In a groundbreaking development, a baby has received a personalized CRISPR gene-editing treatment to combat a severe genetic disease. KJ Muldoon, a ten-month-old baby born with a rare condition that hindered his ability to metabolize proteins, has become the first individual to undergo a tailored CRISPR therapy. This innovative treatment was carried out at the Children’s Hospital of Philadelphia.

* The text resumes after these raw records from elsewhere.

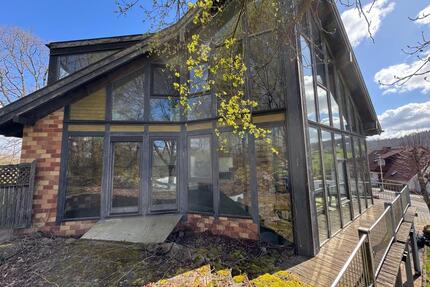 Atelier Wohnung in loftartiger Bauweise mit Terrasse 105 m2 - Gemünden am Main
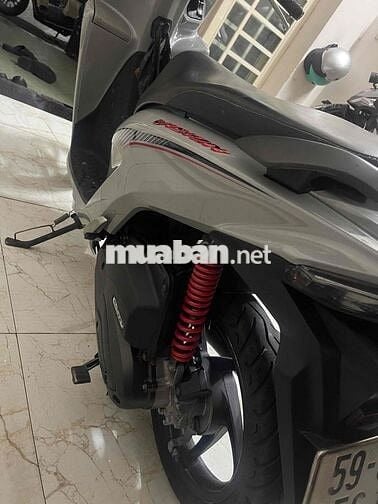 Honda Vision 2023 màu Xám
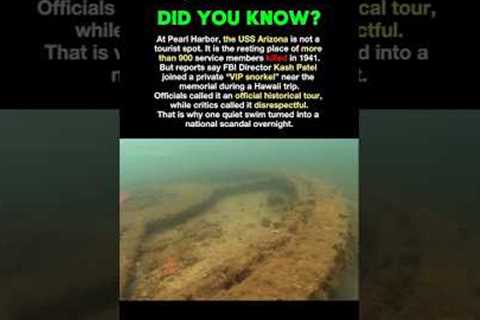 The Snorkel Trip That Angered America #history #facts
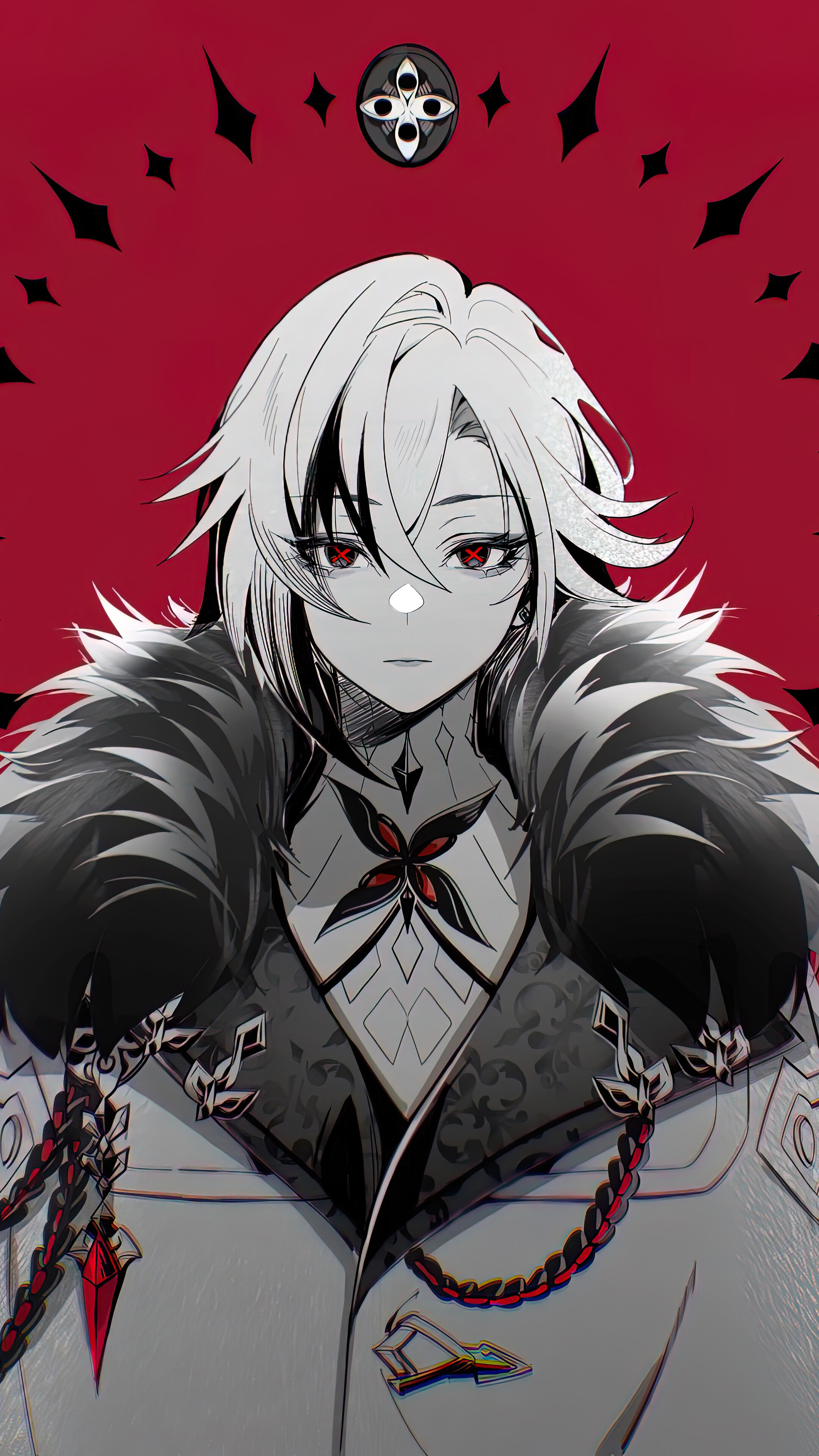 Arlecchino Genshin Impact Art 4K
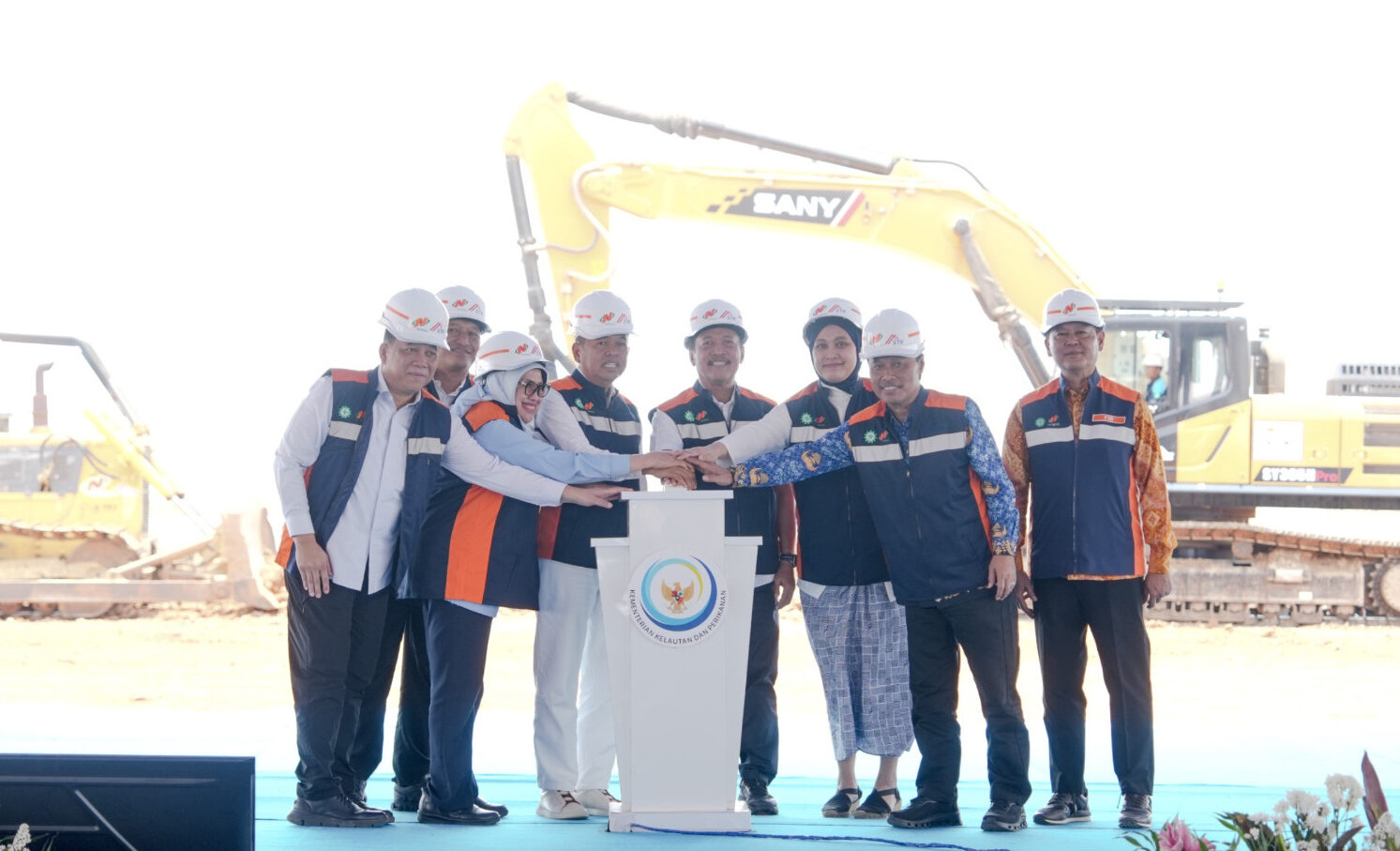 PPN Kejawanan Dikembangkan, Nindya Karya Kawal Penguatan Ekonomi Maritim Cirebon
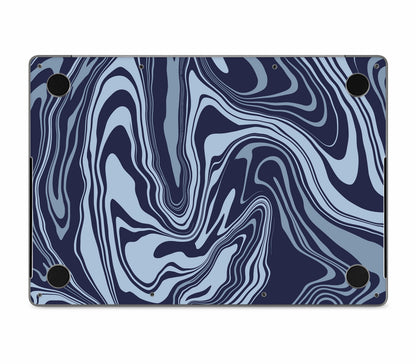 MacBook Pro 14" (2024, M4) skin, Vertigo (Blur), bottom skin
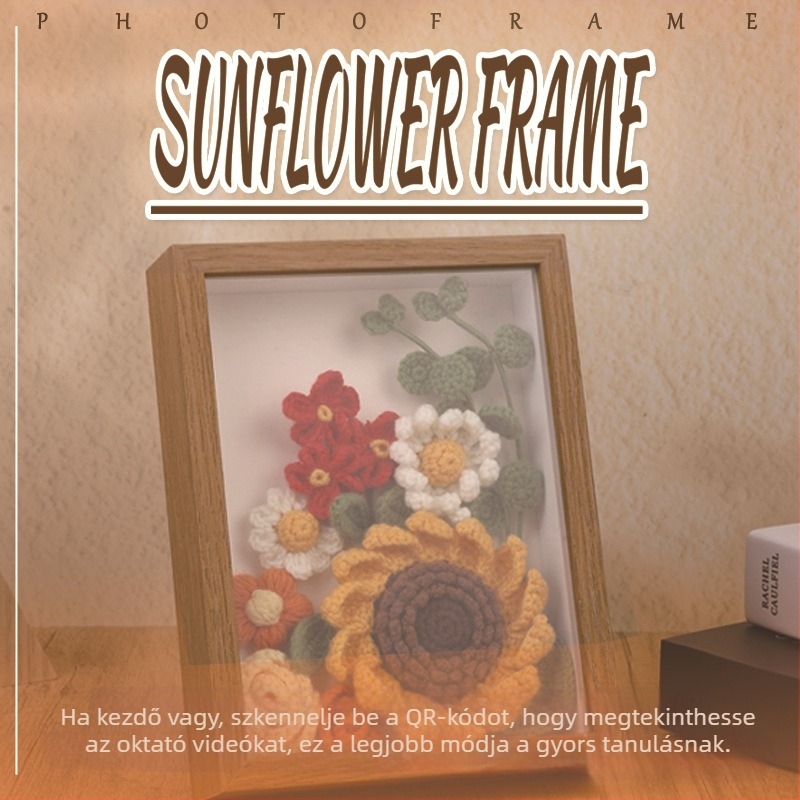 DIY horgolási készlet babáknak – 50% gyapjú, 24s fonal, 4 szál, worsted sodrás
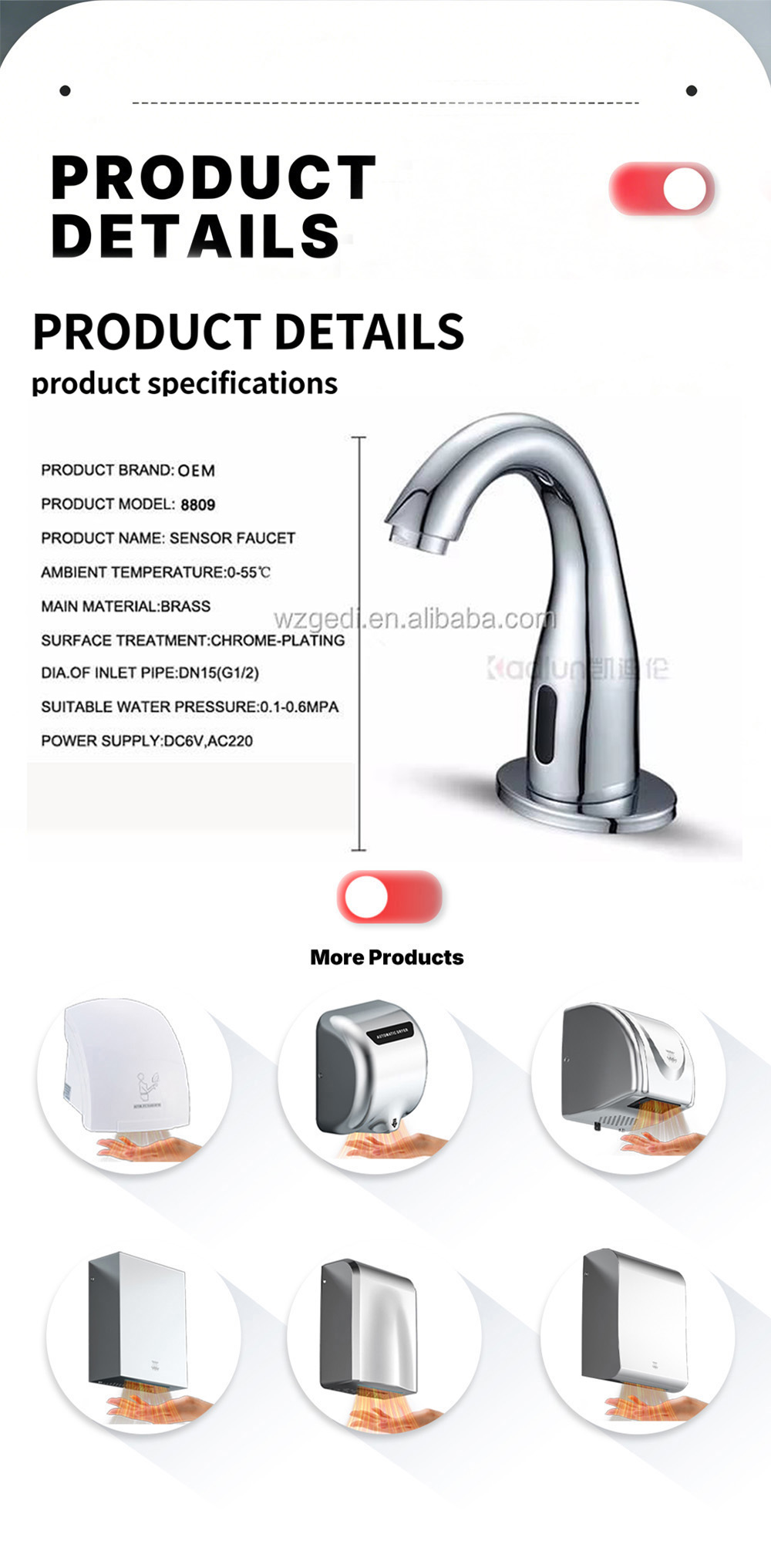hand dryer 160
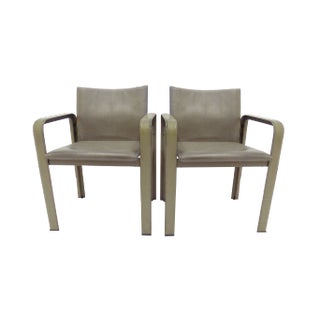 Set of Gulf of the Poets Dining Chairs by Toussaint for Matteo Grassi, 1970s For Sale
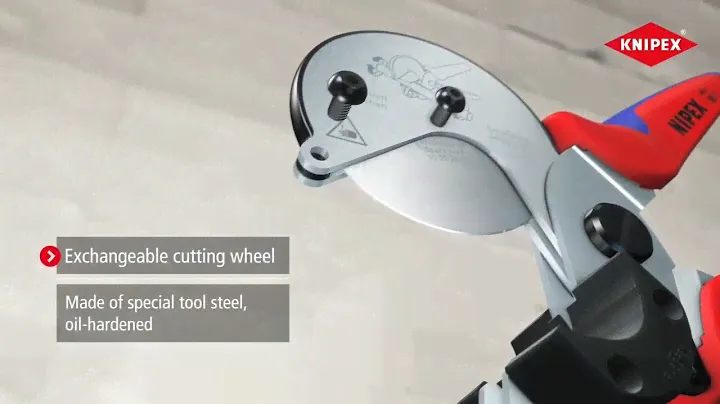 KNIPEX 90 25 25 Composite Pipe Cutter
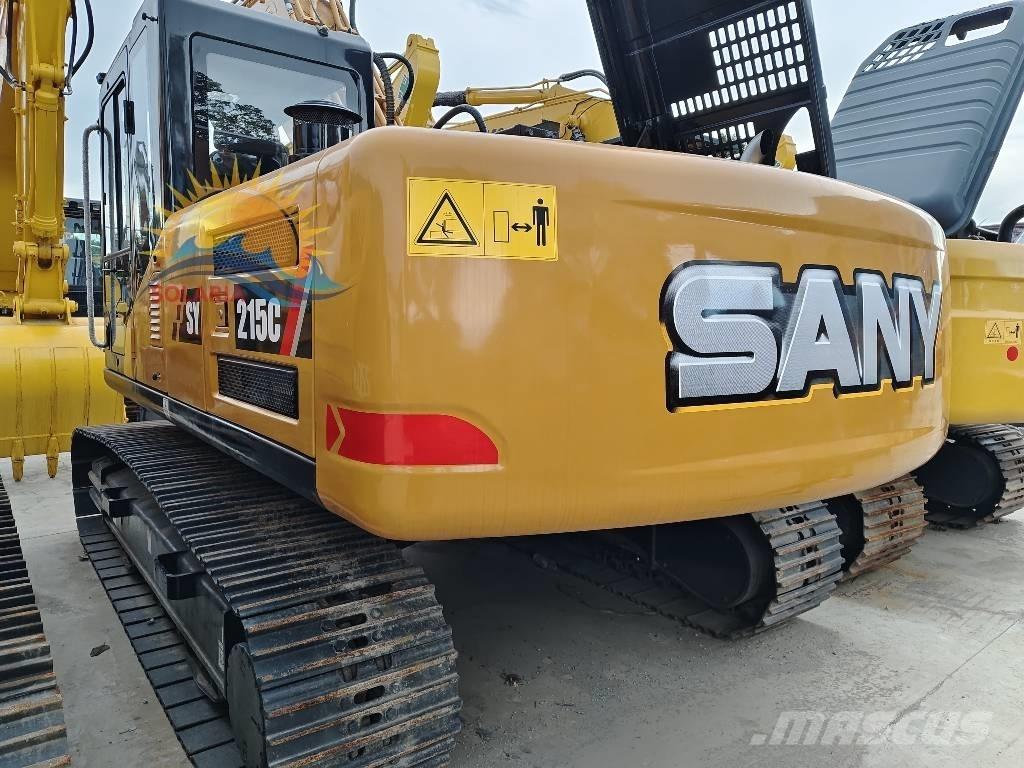 Sany SY 215 C Kāpurķēžu ekskavatori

The unique gene-editing therapy was specifically designed to correct the mutation in Muldoon’s genetic sequence that was responsible for his metabolic disorder. Although the treatment has shown promising results so far, it is still too early to determine if it has completely cured the baby’s condition. Dr. Rebecca Ahrens-Nicklas, one of Muldoon’s physicians, emphasized the importance of continued observation and research to fully understand the long-term effects of the therapy.
A team of international clinicians and researchers collaborated to develop and administer Muldoon’s personalized CRISPR treatment within a remarkably short period of six months. The therapy, detailed in a recent publication, is tailored to Muldoon’s specific genetic makeup and is unlikely to be used for any other individual in the future. Despite the challenges and uncertainties surrounding the widespread application of personalized gene-editing therapies, this groundbreaking achievement has set a precedent for treating ultra-rare genetic diseases using innovative technologies.